I don't know where to start with this blog post. I'm blocked.
September knitting has been slow. I could blame the 2 weeks in Europe for being a decent distraction, I could also blame another weekend in Chicago, keeping me from my needles. But truth is- I'm just blocked. I can't bring myself to knit the next blanket. I am BURNED OUT on knitting blankets.
I can tell- because usually I go full steam ahead on blanket projects. I select a pattern, I knit the swatch, cast on and then devote myself almost religiously to seeing the blanket to it's completion. I'm usually pretty faithful too- opting to knit that and only that.
You can tell I'm blocked becase projects that I wouldn't normally be working on are seeing progress!
MORE HATS-- for example.
Suddenly I am drawn to the baby hats like a moth to flame. I must knit them. I cannot successfully sitch anything else- not when the hat seems like such an appealing project. I assume it's the instant gratification and widening gap between my "hats knit" and "hats that need to have been knit by now to stay on target".
And, if that weren't enough, I've even made decent purse sock progress- allowing myself a few indulgent stitches when I should be knitting the blanket.
I'm just not interested in anything else, but I think I've figured out why:
I don't like what I'm doing. I'm not confident AT ALL with this pattern. Oh, it's easy enough- just look at all that garter stitch! This blanket is for some of our closest friends in Calgary, who are expecting their first baby in a mere 18 or so days. They have seen me churn out blanket masterpieces. They have seen me do intricate and complicated things- and I feel like this blanket doesn't embody any "excitement".
I chose to knit cows on the blanket because they've been calling the fetus "Little Beef"- I thought it would be cute to give them a blanket with cows.

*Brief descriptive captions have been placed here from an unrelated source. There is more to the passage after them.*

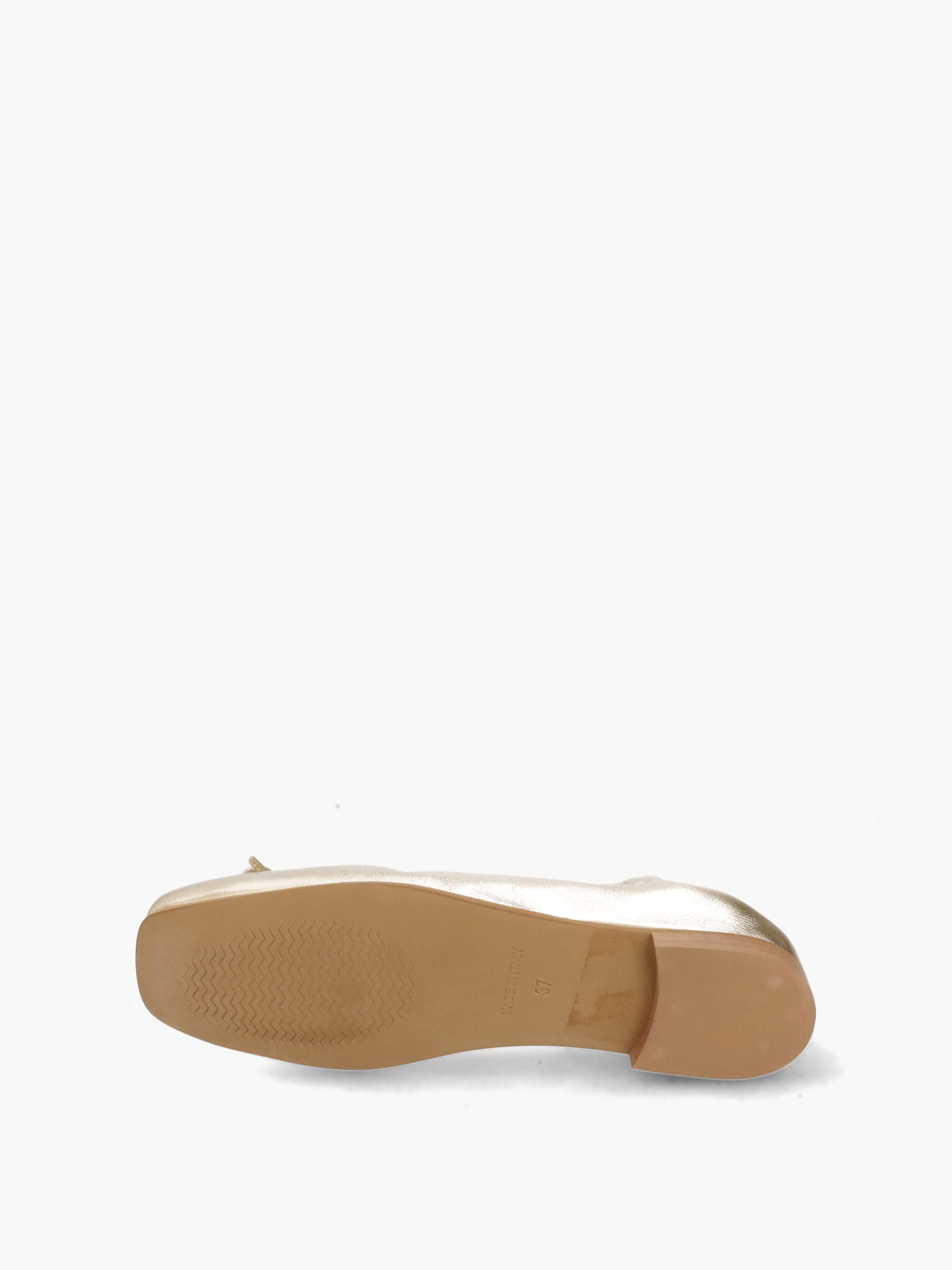 Ballerinas gold, Bekleidung, Schuhwerk, Schuh, Sandale, Turnschuh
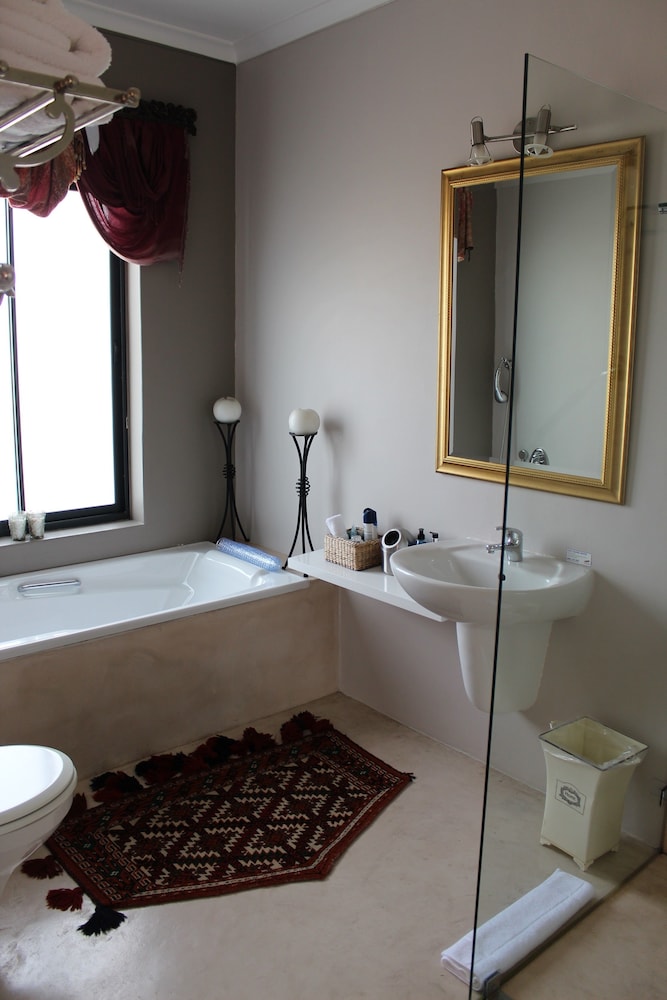 Cape Pillars Boutique Hotel 41/41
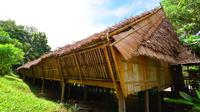 Rungus Longhouse and Tip of Borneo Experience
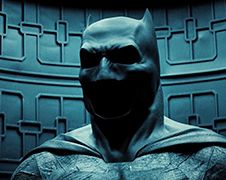 Teaser trailer Batman v Superman: Dawn of Justice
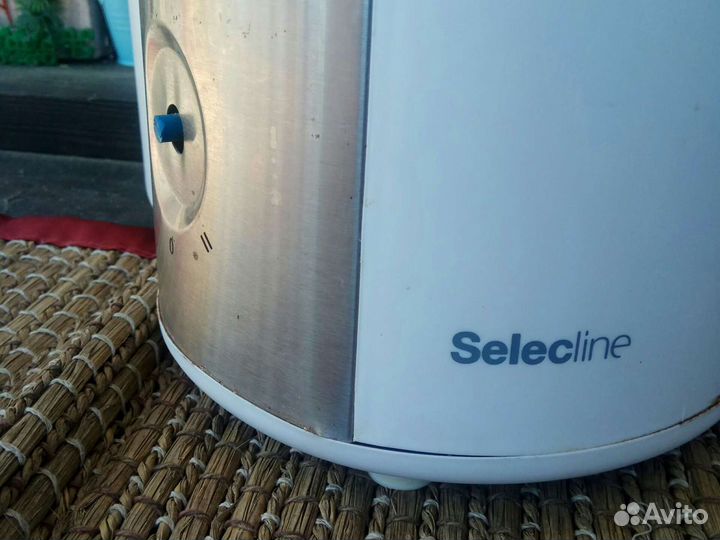 Соковыжималка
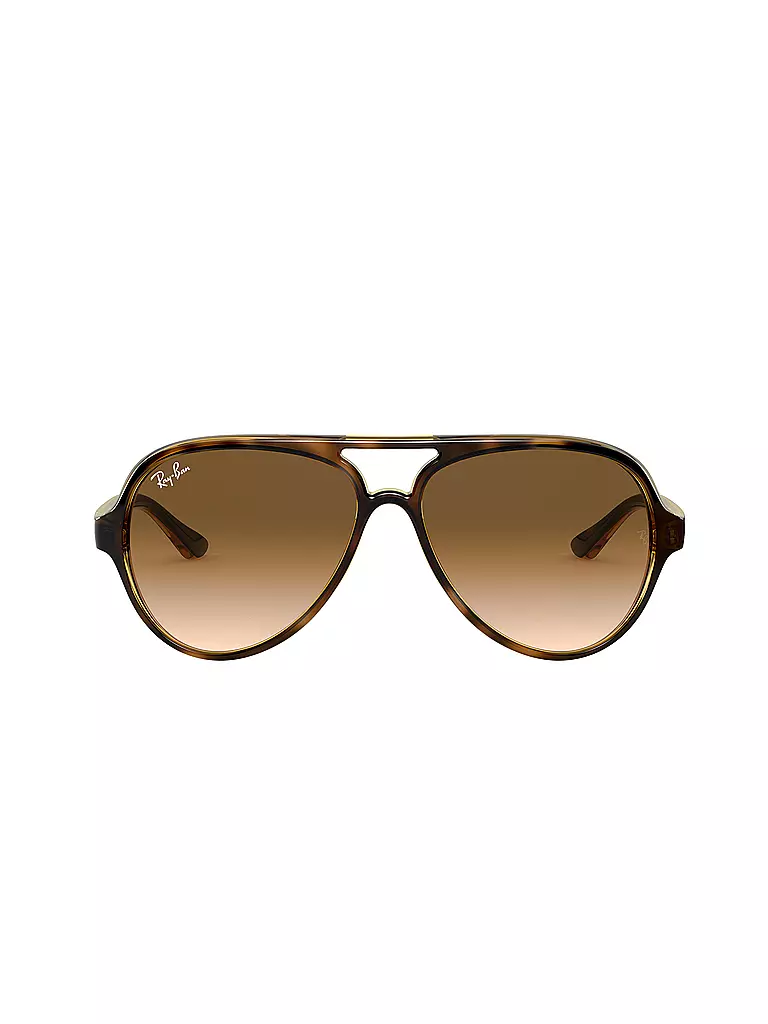 RAY BAN | Sonnenbrille 4125/59 | braun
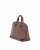 Louis Vuitton Damier Alma PM Bag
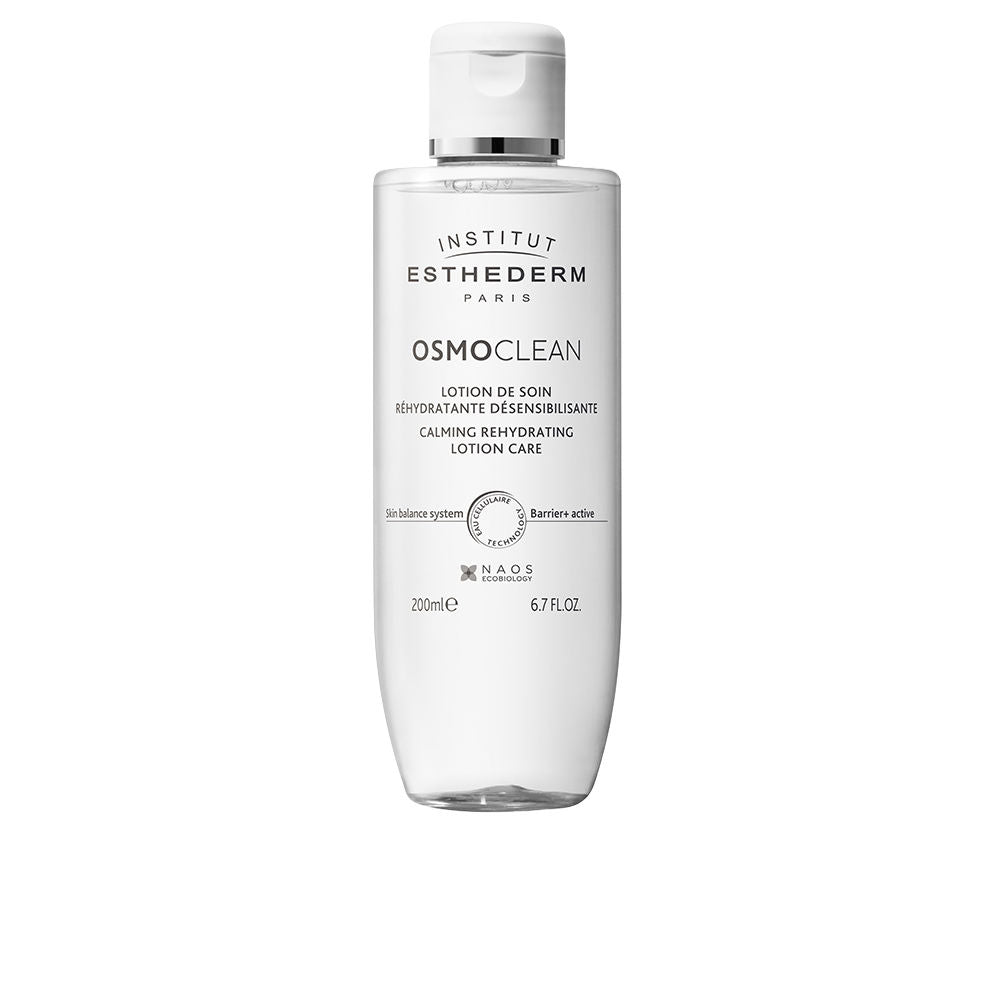 Institut Esthederm Osmoclean Micellar Water Osmopure 200 ml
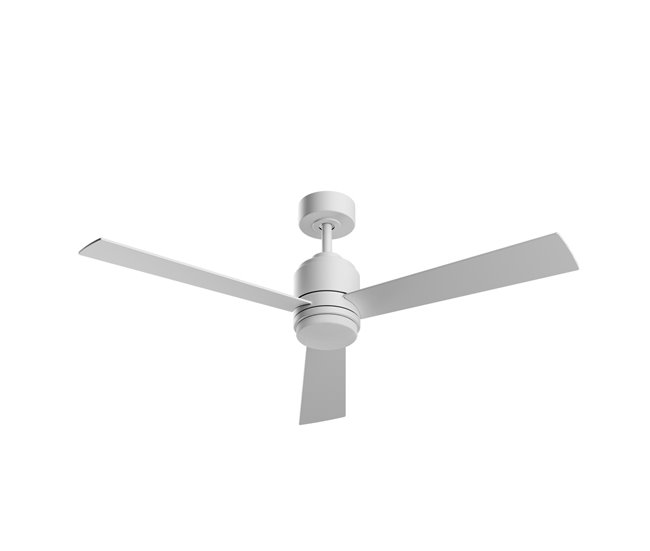 Conforama Ventilador De Techo ALBA Marca SABA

The way I see it, I have three options, and I can't make up my mind. I can:
1) Keep knitting this blanket even though I feel like there's too much garter stitch and not enough cows. (The plan was to have them 3 across and 3 up, to give me 9 faces but I feel like the faces might be too small for the rest of the blanket.)
2) Go back to the drawing board and figure out the pattern incorporating less garter stitch and adding 2 more cows into the mix, for a total of 5 cows accross and potentially 5 cows up, for 25 cows.
3) Quit beating this cow theme to death, find a pattern and get knitting already!
I'm leaning towards option 2, even though it means ripping back three balls worth of work and starting again. I need to make a decision soon as the more time I waste trying to figure it out, the less time I have to knit the damn thing.
And so- faced with all this pressure and my non-desire to do anything with this blanket, I knit my distractions instead. Productive huh?